En 1740, en la ciudad de Venecia, Paolo Adami, recibió la licencia para abrir la primera fábrica de pasta. Cien años después, en Amalfi, empezaron a usar molinos de agua y moledoras de piedra, donde la sémola era separada del salvado. Las máquinas trajeron consigo el desarrollo del mercado, competencias y exportación a través del océano.

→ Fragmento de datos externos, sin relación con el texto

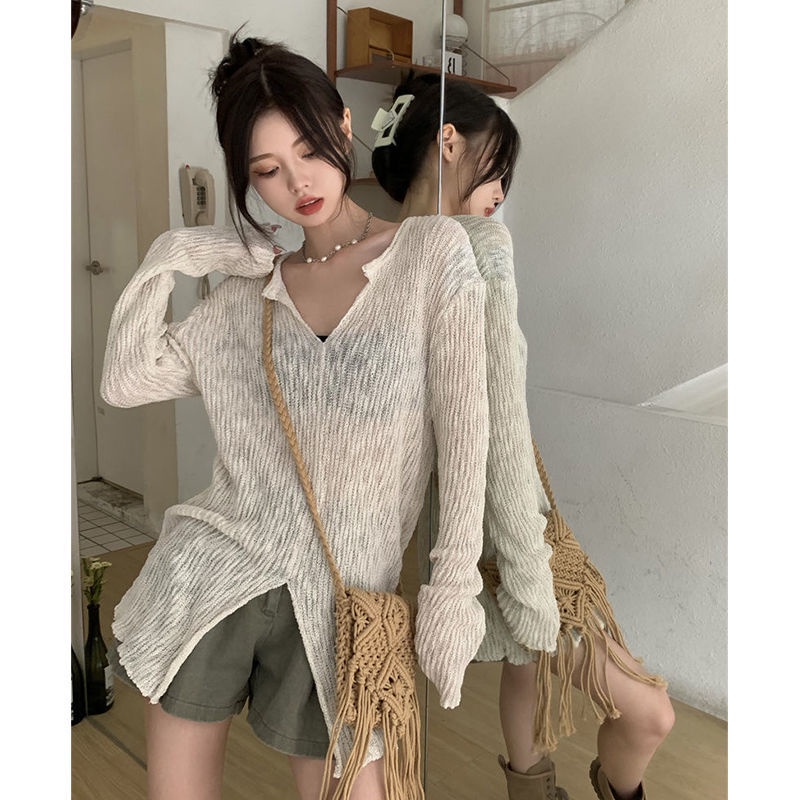 Áo Thun Dệt Kim Tay Dài Chống Nắng Dáng Rộng Mỏng Phong Cách Mùa Hè Mới Y2k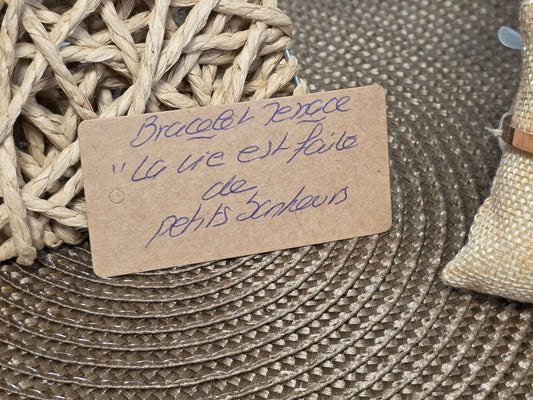 LES BRACELETS A MESSAGE " LA VIE EST FAITE DE PETITS BONHEURS" Cuivré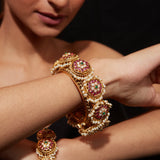 Gold Plated Kundan With Red Onyx Stone Screw Openable Bangles, Set of 2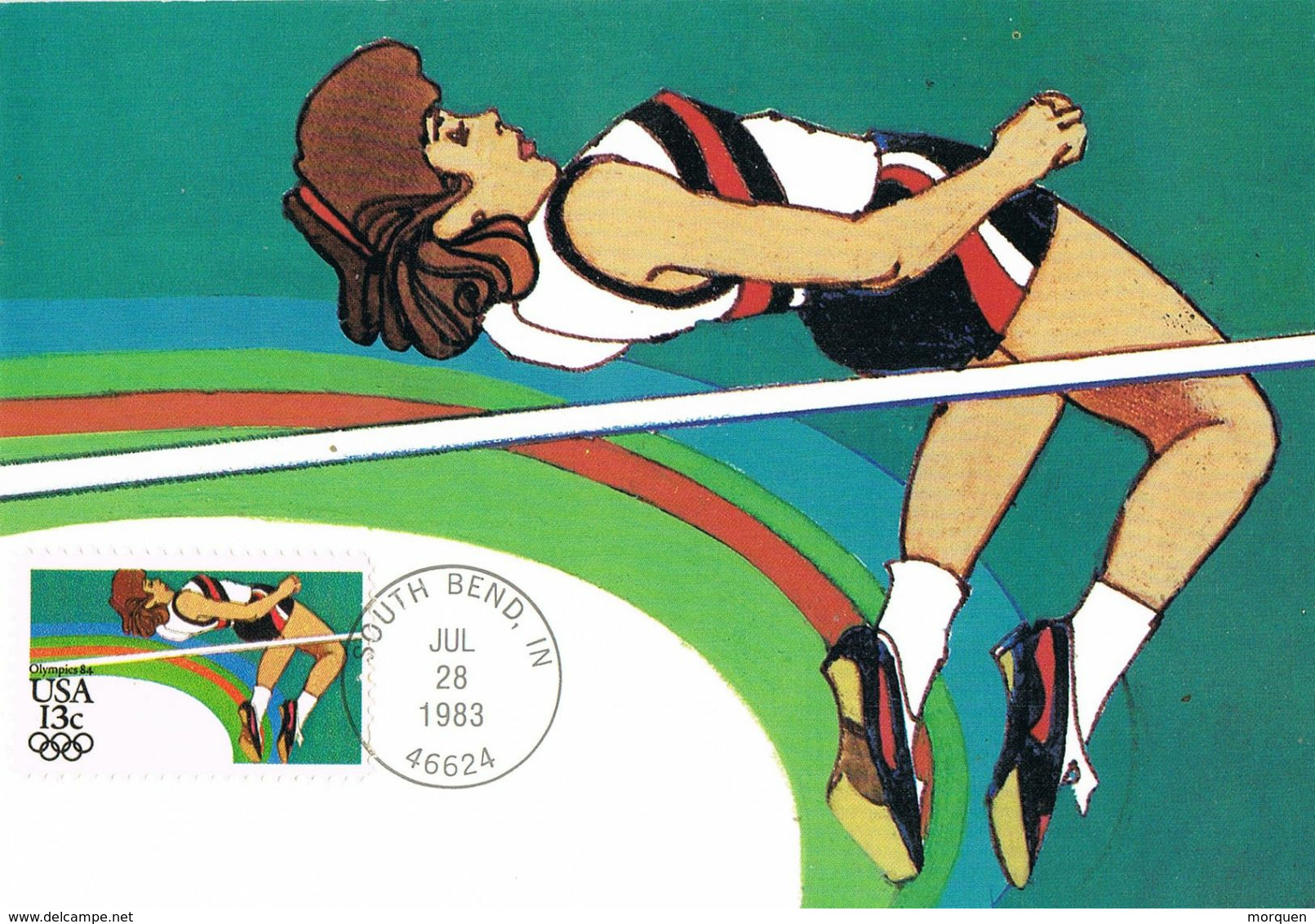 37464. Tarjeta Maxima SOUTH BEND (In) USA 1983. SALTO ALTURA Women. Games 84 - Salto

A principios del siglo XIX, la cocina más refinada que triunfaba en las mesas de los nobles estaba compuesta por platos de pasta, poco a poco su uso se convirtió en un hábito gastronómico de las clases altas. Durante este siglo el consumo de pasta seca se extendió rápidamente entre toda la sociedad italiana, el cual se puso de moda y su ofrecimiento a los invitados se convirtió en un signo de distinción. La pasta hasta entonces se comía con las manos, y la adición de salsas hizo que esta forma de comerla no fuera la más adecuada, así que empezó a aparecer en las mesas de clase alta un instrumento adicional: el tenedor. Su empleo comenzó siendo más un elemento para impresionar a los invitados que para ayudarles a comer. Cuando se generalizó el acompañar la pasta con salsa de tomate se adoptó el tenedor como un utensilio para todos los días, apareciendo un nuevo formato de tenedor específico para comer pasta, compuesto por cuatro puntas curvadas cuya longitud no era superior al doble de su anchura total.

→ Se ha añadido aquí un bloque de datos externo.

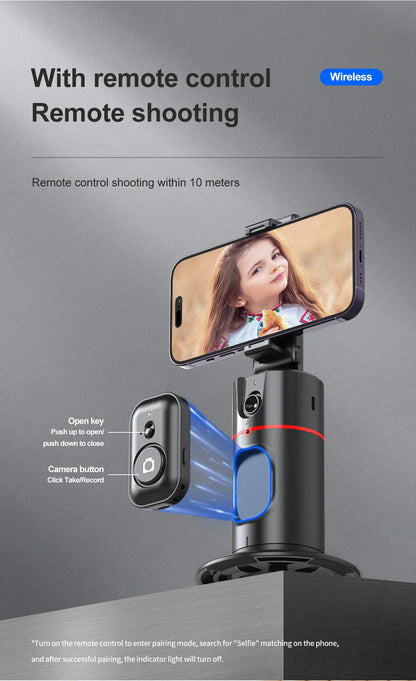 Phone Stabilizer Smart Facial Tracking Detachable Phone Clip with Fill Light Desktop Phone Stand Wireless Selfie Stick Tripod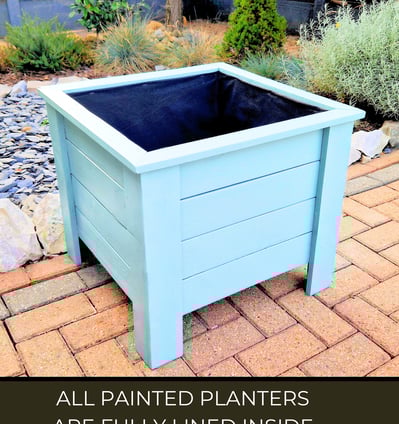 square outdoor planter on legs wooden plant box handmade in UK Custom Size and Colour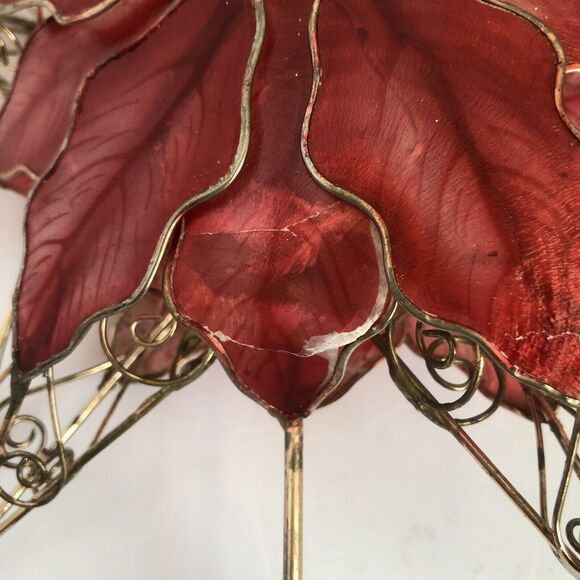 Kurt Adler Red Capiz Poinsettia Christmas Tree Topper 5 Point Gold Wire Star - Picture 12 of 16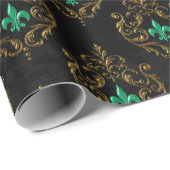 Old Gold Emerald Frans Cadeaupapier (Rol Hoek)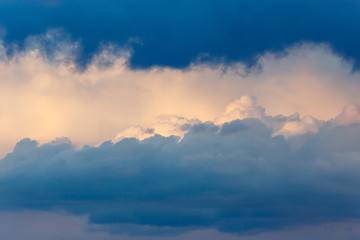 Clouds in the sky against a background of dawn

En 1878, se inventó el Purificador Marsellais, nombre de su propio autor, el cual estaba destinado a mejorar la sémola, y por ende la pasta. Inicialmente se aderezaba con una salsa de tomate y aceite, para luego ser enriquecida por la creatividad de las amas de casa, los chefs y los gourmets, quienes comenzaron a mezclarla con productos típicos italianos como la mozzarella, el parmesano, el jamón, y la carne de cerdo curada, además de otros quesos, carnes y pescados. Durante este siglo la pasta se consolidó como un ingrediente fundamental de la cocina italiana.

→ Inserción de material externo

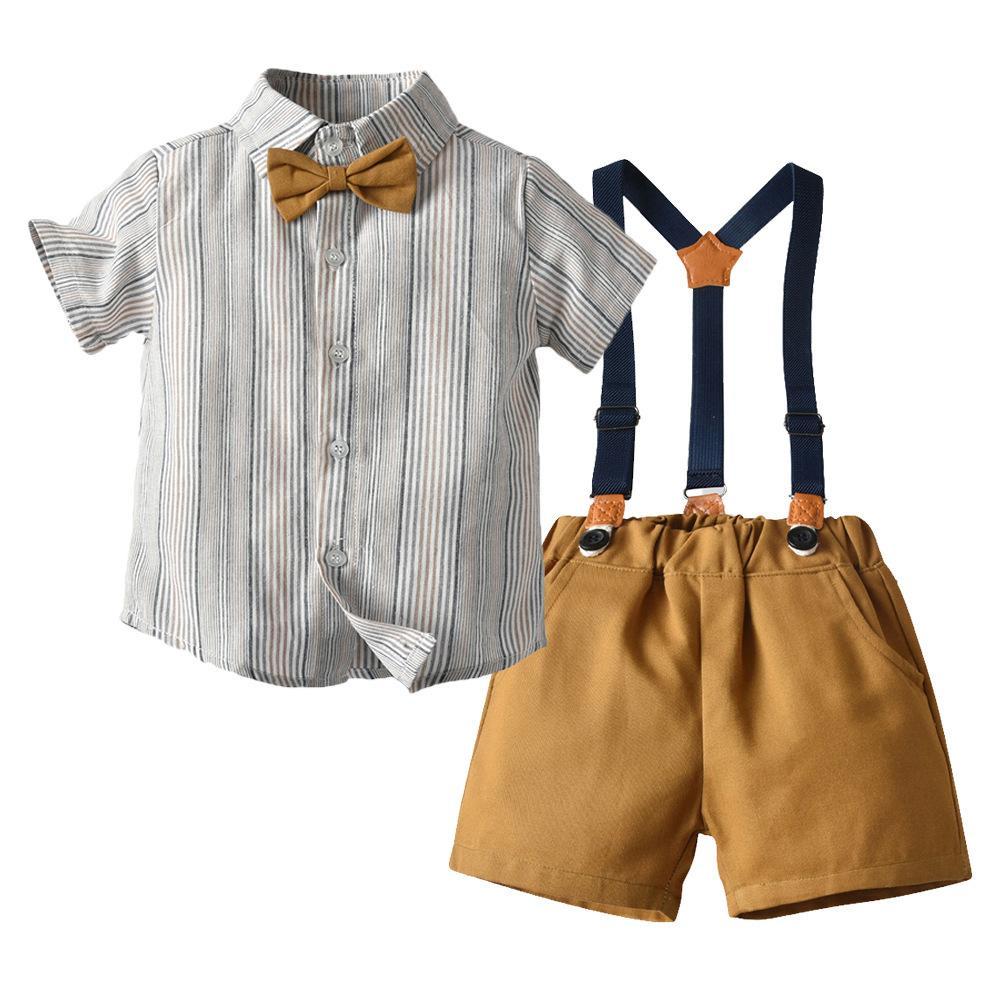 Set công tử bé trai áo sơ mi, quần short kèm nơ cổ phù hợp đi tiệc, đi chơi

Para 1914, el secado artificial, hacía que la pasta esté a disposición de todas las regiones de Italia. El gran desarrollo de la pasta italiana en el cambio de siglo, estuvo muy ligado a la exportación, la cual alcanzó un alto récord de 70.000 toneladas, muchas de las cuales fueron dirigidas hacia los Estados Unidos. Más tarde, países importadores comenzaron a producir máquinas para fabricar sus propias pastas, y éstas lograron conquistar el mundo. A partir de ahí, la gente comienza a referirse a este fenómeno como “La Industria de la Pasta”.